Chiropractics for Sports Injuries : Chiropractics for Sports Injuries: Preventing Injuries


Uploaded by expertvillage on 26.09.2008

Transcript:
One thing I get asked a lot, additionally to some of the other questions that we've
put out today, is that "how do I prevent injuries from happening when I'm taking part in any
kind of athletic event?" One thing to make sure is that you do have proper fitting shoes.
We've got to start at the foot, which is the base. Everything that we do, we're going to
be standing on our feet, we want to make sure that we're supported properly. We want to
make sure that the shoes support our arch adequately. Each one of us have different
arches that need different support, so it's very important to make sure that we're getting
support under those arches. Also, for you runners out there, make sure that you're not
wearing out your shoes too early, and trying to keep going in them. I've seen a lot of
runners have to replace shoes about every three months, or maybe even sooner depending
on how many miles their putting in. One thing we talk about too, when we're talking about
prevention is that we want to make sure that we're balanced in our approach to our athletic
activities. One way to make sure we do that is to make sure that we work out both the
front side of the muscles, and the back side muscles, to make sure that one does not get
stronger than the other one. We're talking about the lower extremity, we're about the
quadriceps, and we're talking about the hamstrings.

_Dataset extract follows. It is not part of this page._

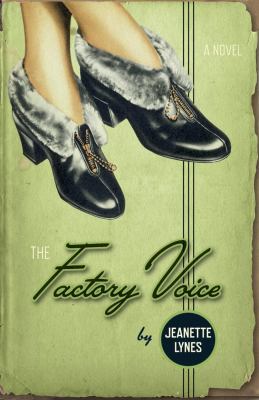 The factory voice : a novel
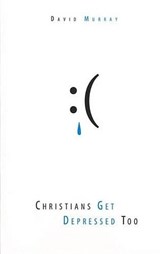 Christians Get Depressed Too: Hope and Help for Depressed People - David Murray - 9781601781000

When we talk about the upper extremity, we're
talking about the biceps, and the triceps. Now, as that applies to the spine in more
of the trunk, we're talking about some of the muscles of the back, in addition to the
opposite muscles, which are some of the muscles up in the front, such as the pectoralis major,
we're looking at deltoids, we're looking at rectus abdominis, we're looking at some of
the stomach muscles, some of the low back muscles as well. We want to make sure that
those are all balanced. If we get one side that's more toned than the other side, then
we're just asking to have some trouble down the road. Another way to look at some training
things for the athlete, is to make sure that we keep our core as toned as possible. The
core is a big catch phrase right now, in the world of working out. The core basically encompasses
the muscles of the stomach, the muscles of the low back, the muscles of the glut region,
and the muscles of the hip flexors. By keeping those toned, we're able to support the structure
of the spine, thereby heading off any injuries that may be coming our way.